Contractors - what constitutes a day's work
Version Number: 1
Legislation: Payroll Tax Act 2009
Date Issued: 1 July 2009
Revenue Rulings do not have the force of law.
The Payroll Tax Act 2009 (the “Act”), which commenced on 1 July 2009, rewrote and repealed the Pay-roll Tax Act 1971 and provides fully harmonised legislation with New South Wales, Victoria, Tasmania and Northern Territory.
Parties to a ‘relevant contract’ are deemed to be employers and employees (Sections 33 and 34 of the Act) and payments made under a contract are deemed to be wages (Section 35 of the Act). Deemed wages are subject to payroll tax under Section 36 of the Act.
While most contracts for the provision of services come within the meaning of ‘relevant contracts’ under Section 32 of the Act, certain types of contracts are specifically excluded from the definition of ‘relevant contract’. One exclusion is a contract for services of a kind ordinarily required by the designated person (the “principal”) for less than 180 days in a financial year (Section 32(2)(b)(ii) of the Act). Another exclusion is a contract for the provision of services by a person providing the same or similar services to a principal under the contract for no more than 90 days in a financial year (Section 32(2)(b)(iii) of the Act).
The purpose of this Revenue Ruling is to clarify what constitutes a day’s work for the purposes of Sections 32(2)(b)(ii) and 32(2)(b)(iii) of the Act.

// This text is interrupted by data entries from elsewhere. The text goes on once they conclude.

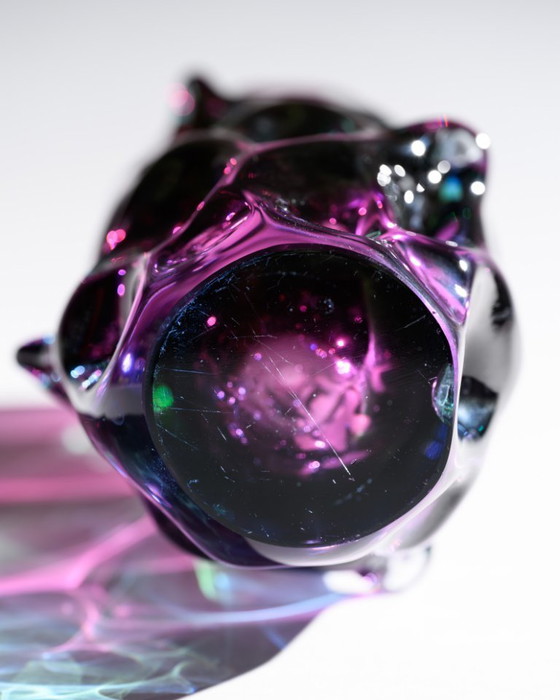 Image 1 of Jan Beranek rode kernvaas 1959 & Vizner-stijl Tsjechisch glazen duo vintage sculptuur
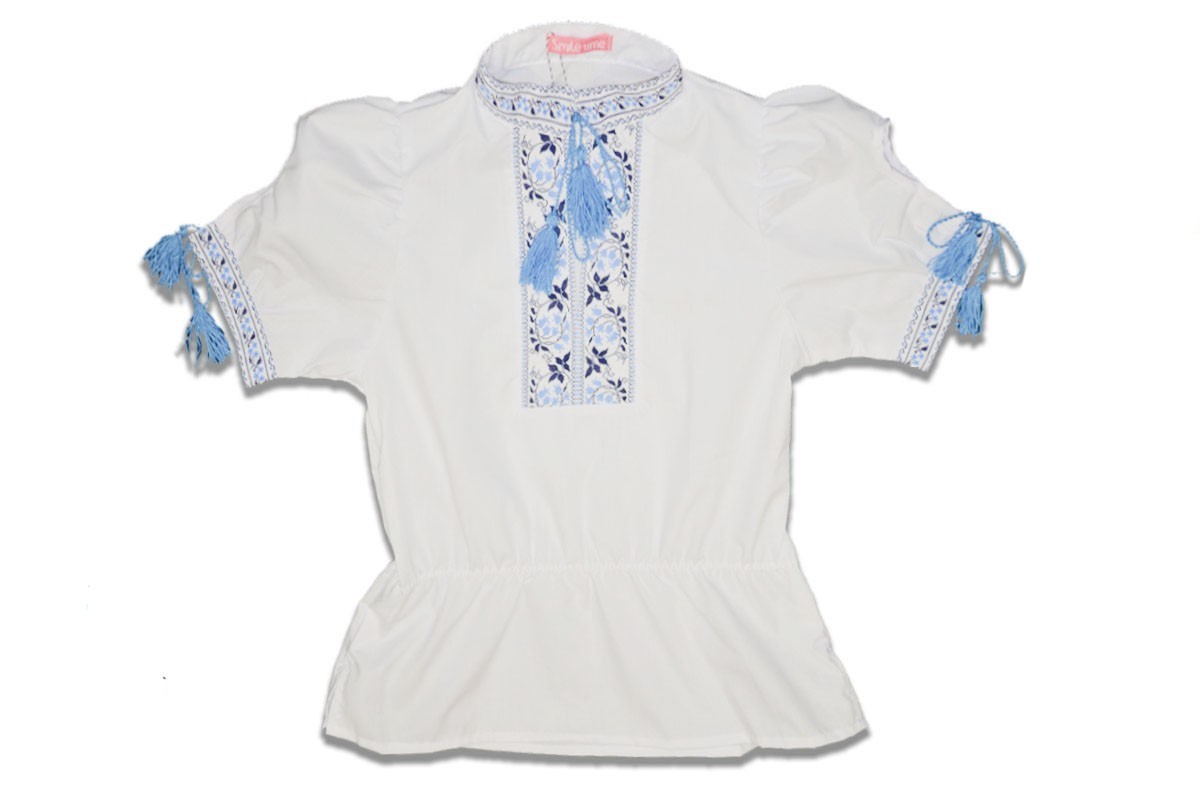 

Вышиванка SmileTime короткий рукав 128 голубой узор (LR24-03)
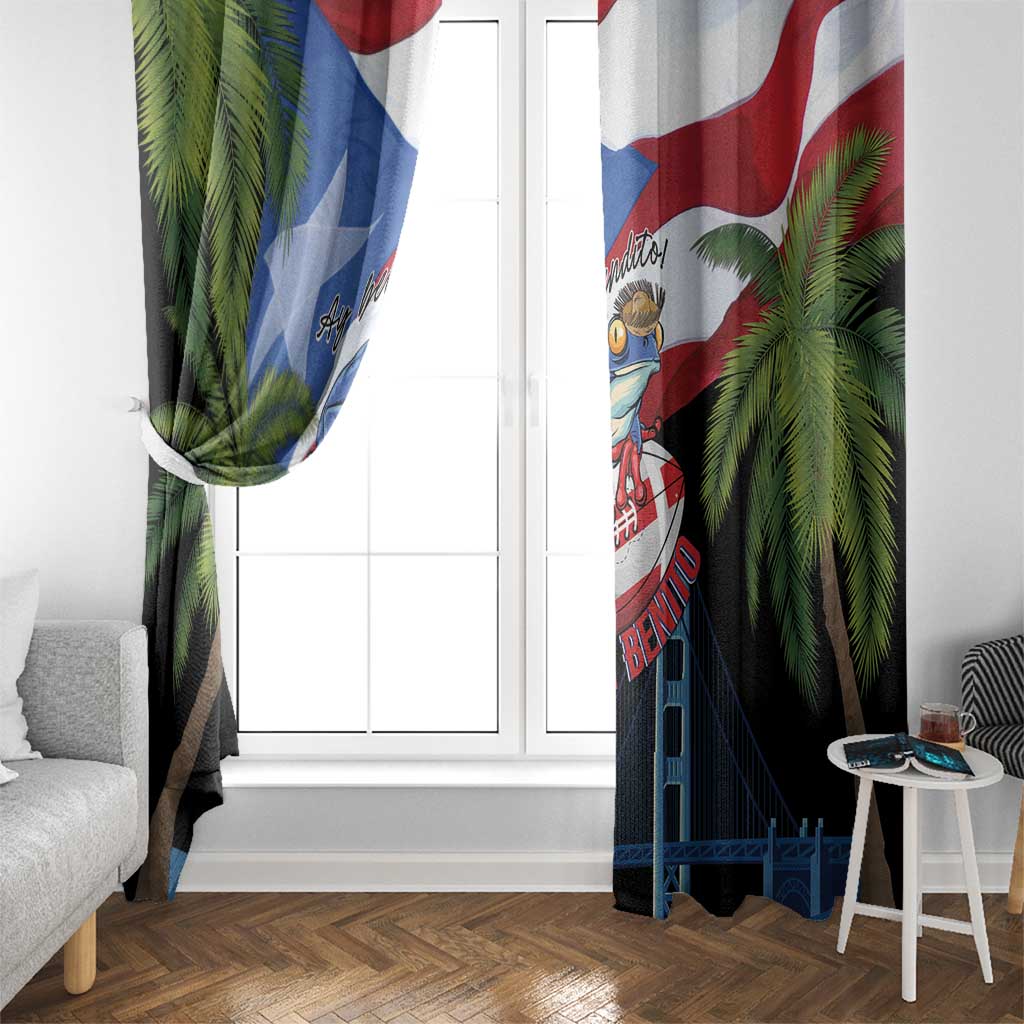 Ay Bendito! Benito Bowl Proud Boricua Window Curtain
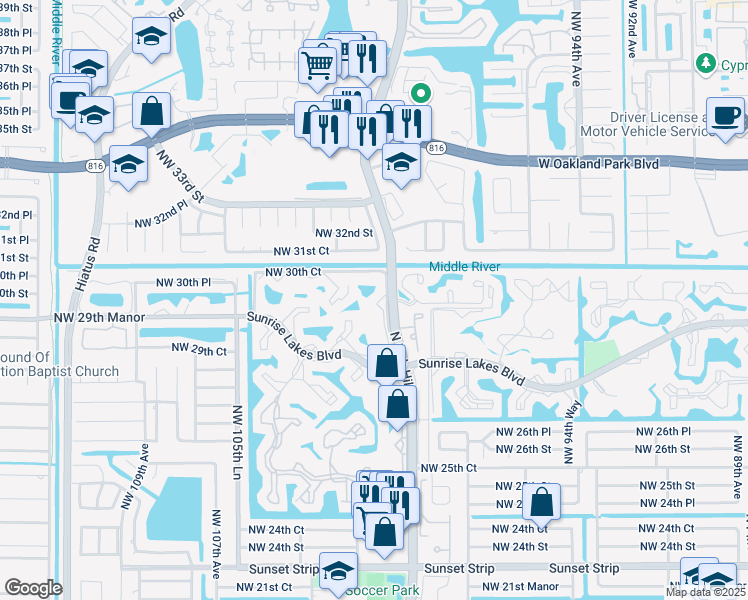 map of restaurants, bars, coffee shops, grocery stores, and more near 2981 North Nob Hill Road in Sunrise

A calendar day on which work is performed under a contract is counted as a ‘day’ in determining the number of days on which work is performed by a contractor, regardless of the amount of time worked on that day.
For the purposes of determining whether the exemptions provided by Sections 32(2)(b)(ii) and 32(2)(b)(iii) of the Act apply, both Contractor A and Contractor B are considered to have worked for 6 days even though Contractor A has worked for only 18 hours for that period and Contractor B has worked for 52 hours during the same period.